#### [PROBLEM STATEMENT]
Exactly the lines from the one containing "<b>CONTINUIDAD. </b>Fernando Sanz, ayer" through the end of the data, and nothing more, should be retyped; pictures stay out.

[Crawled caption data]
■ ■ ■
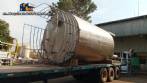 30,000 liter stainless steel storage tank with ladder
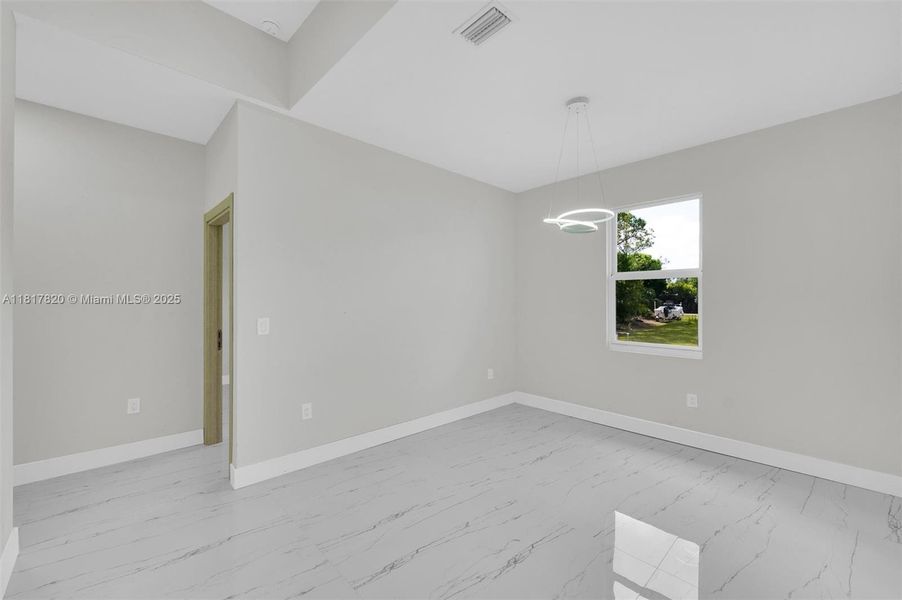 Spacious, unfurnished interior of a new home in , Lehigh Acres (Image 18).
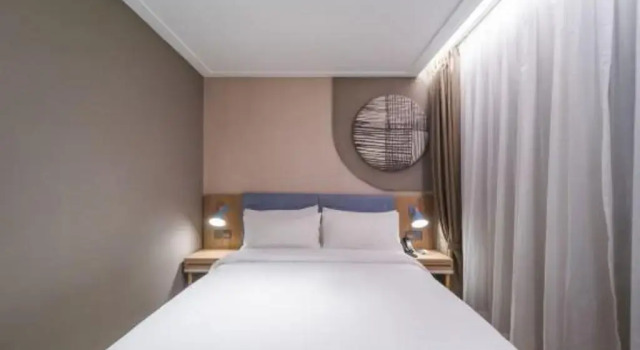 Homeinn NEO (Guangzhou Exhibition Center Pazhou Metro Station)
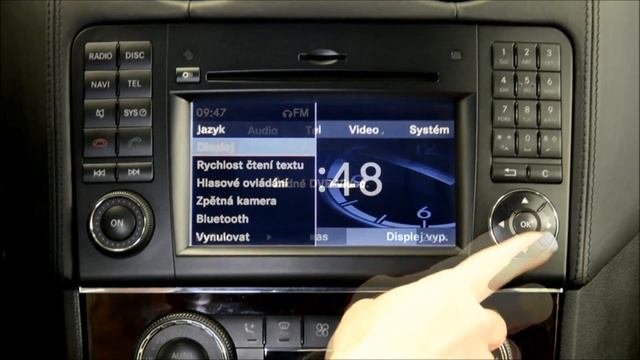 AUTÁSLOVENSKY.sk - Mercedes Benz NTG 2.5 Mluví A Píše česky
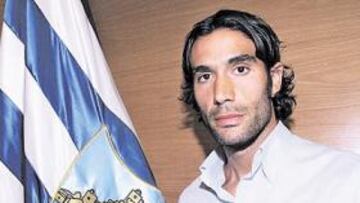 <b>CONTINUIDAD. </b>Fernando Sanz, ayer en La Rosaleda.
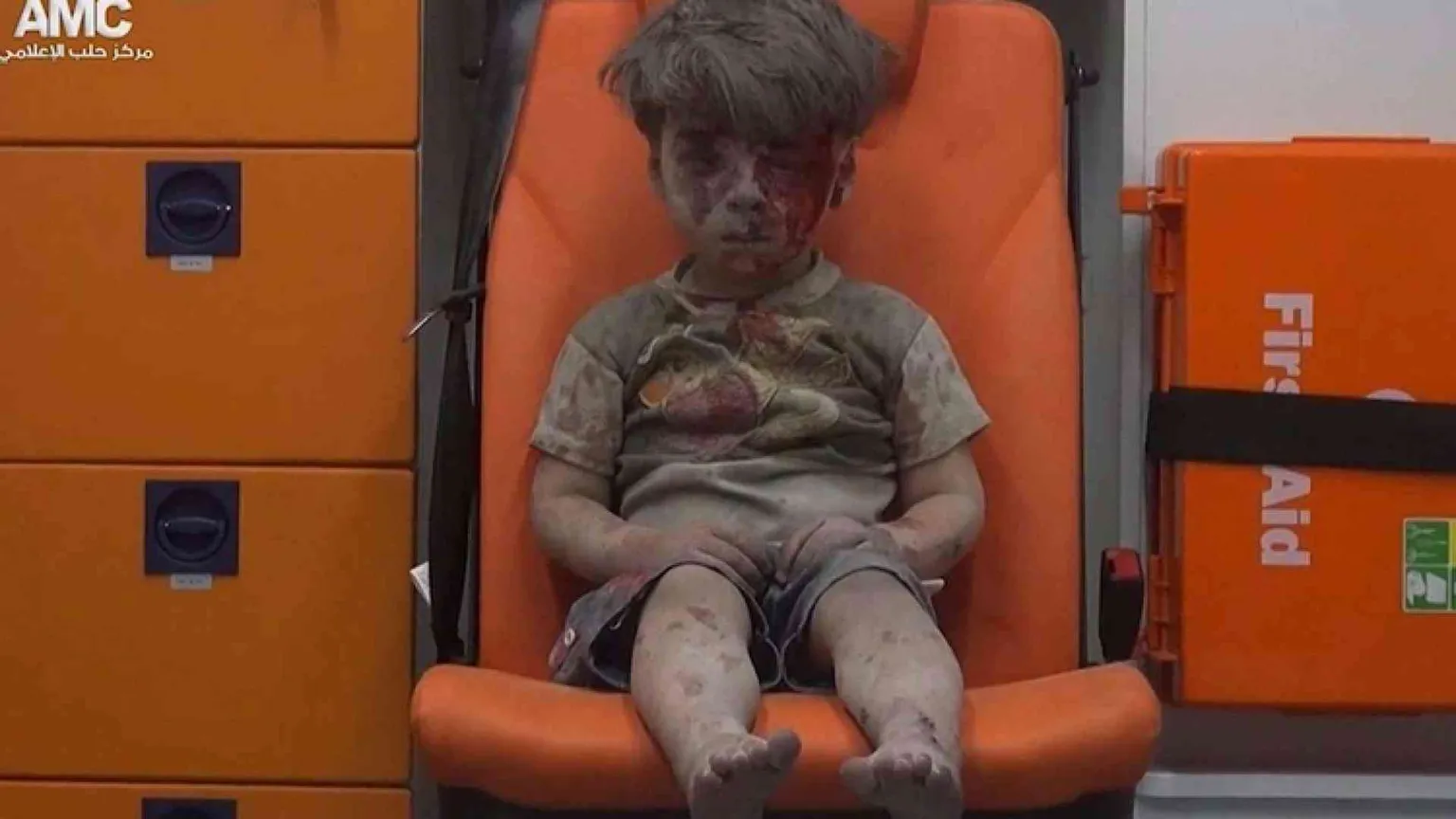 Bombe su Aleppo, il dolore dei bimbi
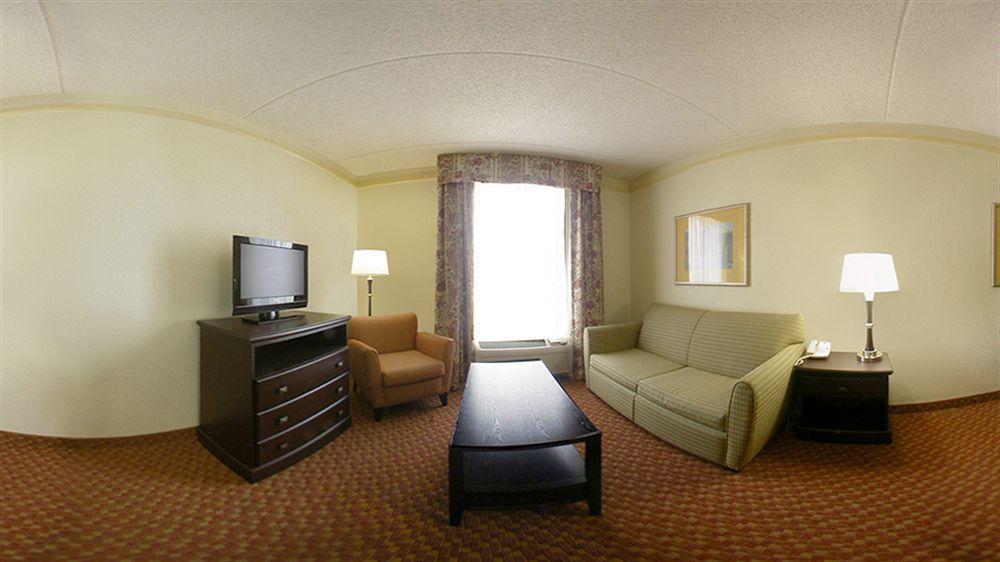 Holiday Inn Express Hotel & Suites Midlothian Turnpike By Ihg North Chesterfield Εξωτερικό φωτογραφία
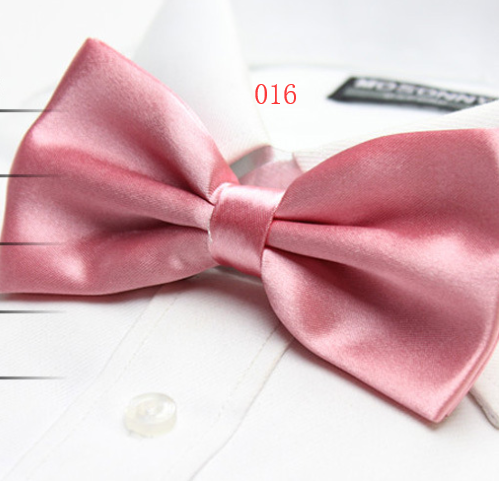 Solid color tri-fold bow tie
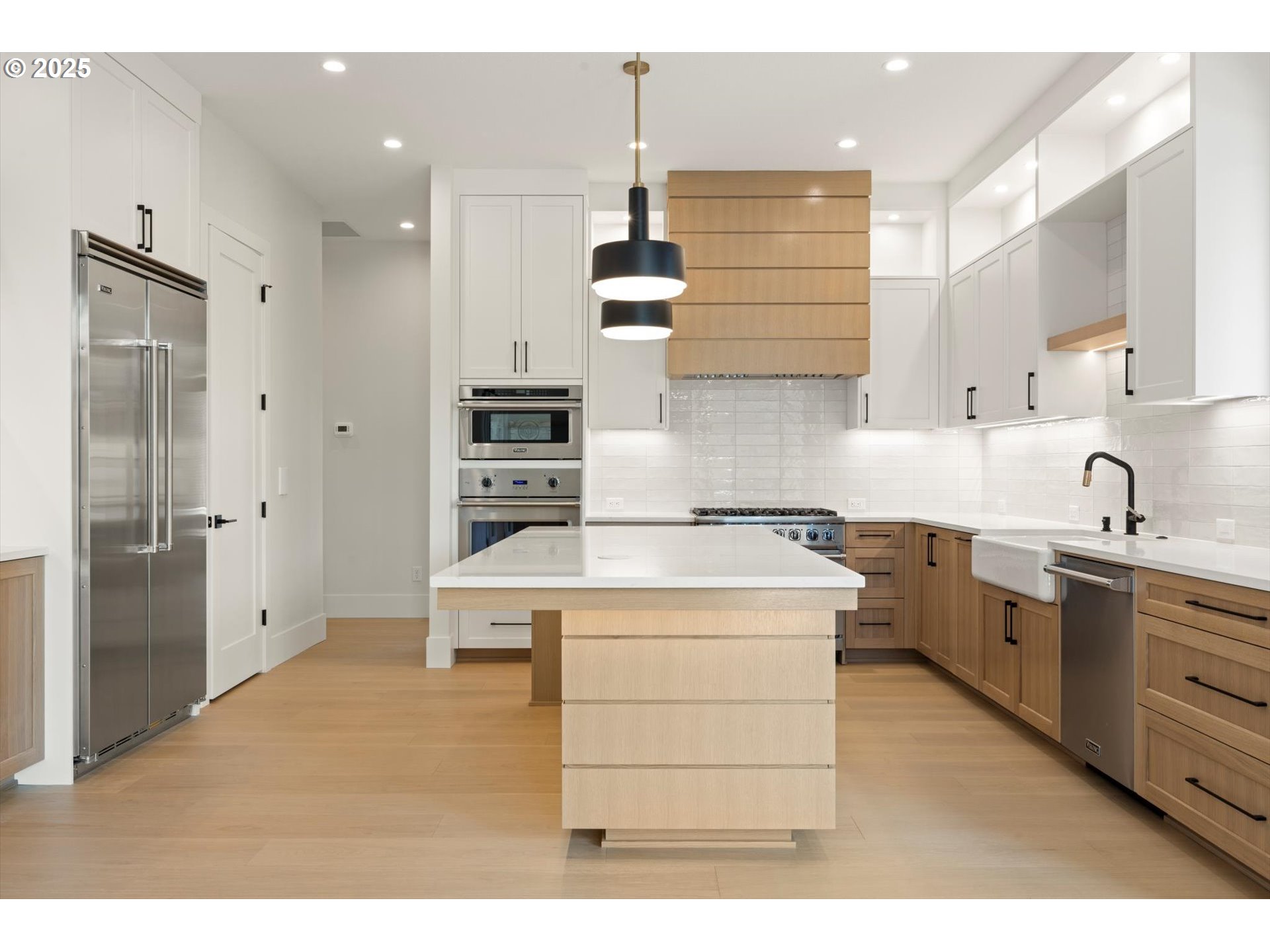 10409 NW BURKHARDT CT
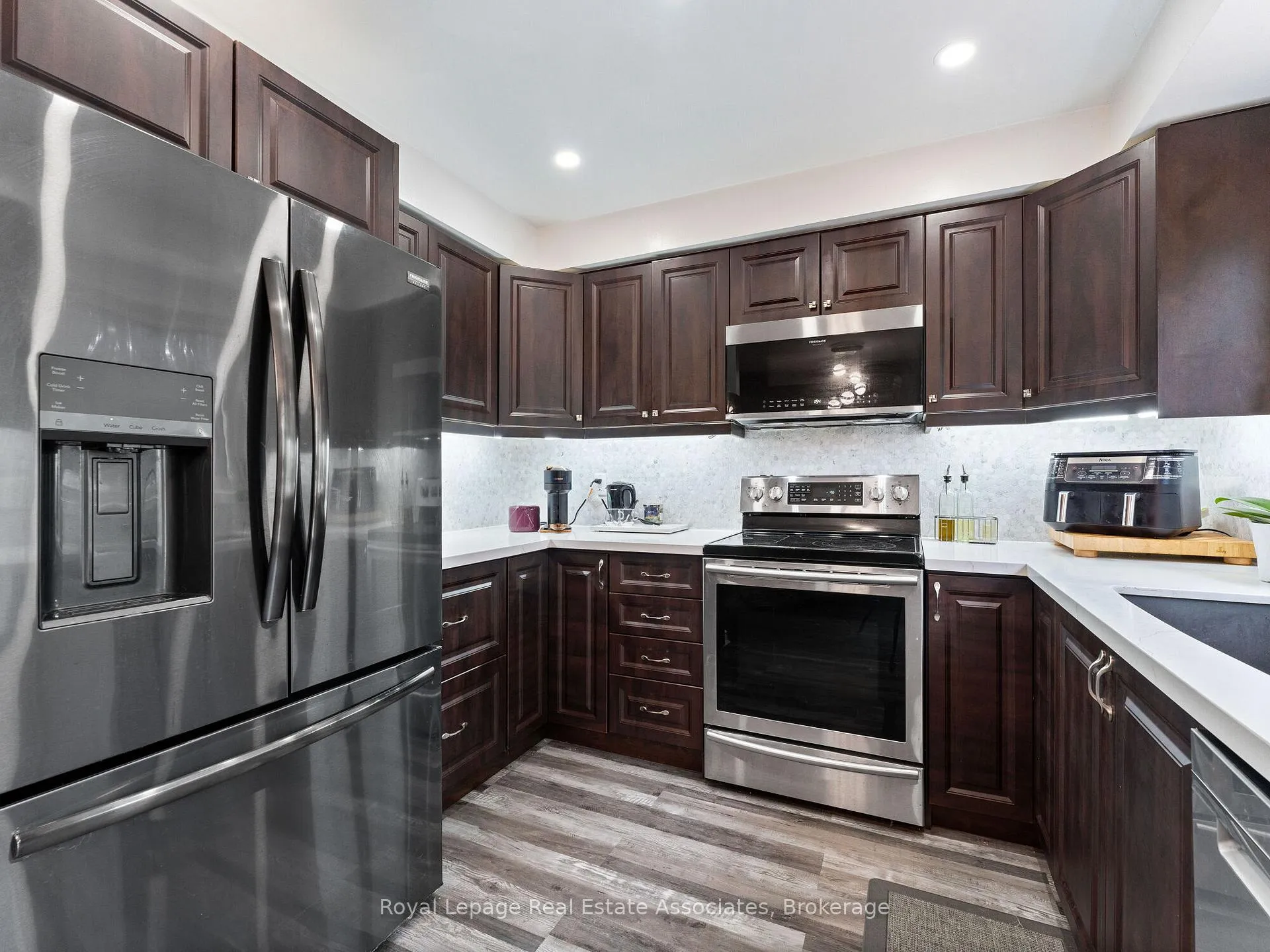 Photo 13 of 4 Greengrove Way, Whitby, Rolling Acres — HOMEH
■ ■ ■
#### [REPLY]
 <b>CONTINUIDAD. </b>Fernando Sanz, ayer en La Rosaleda.
 Bombe su Aleppo, il dolore dei bimbi
 Holiday Inn Express Hotel & Suites Midlothian Turnpike By Ihg North Chesterfield Εξωτερικό φωτογραφία
 Solid color tri-fold bow tie
 10409 NW BURKHARDT CT
 Photo 13 of 4 Greengrove Way, Whitby, Rolling Acres — HOMEH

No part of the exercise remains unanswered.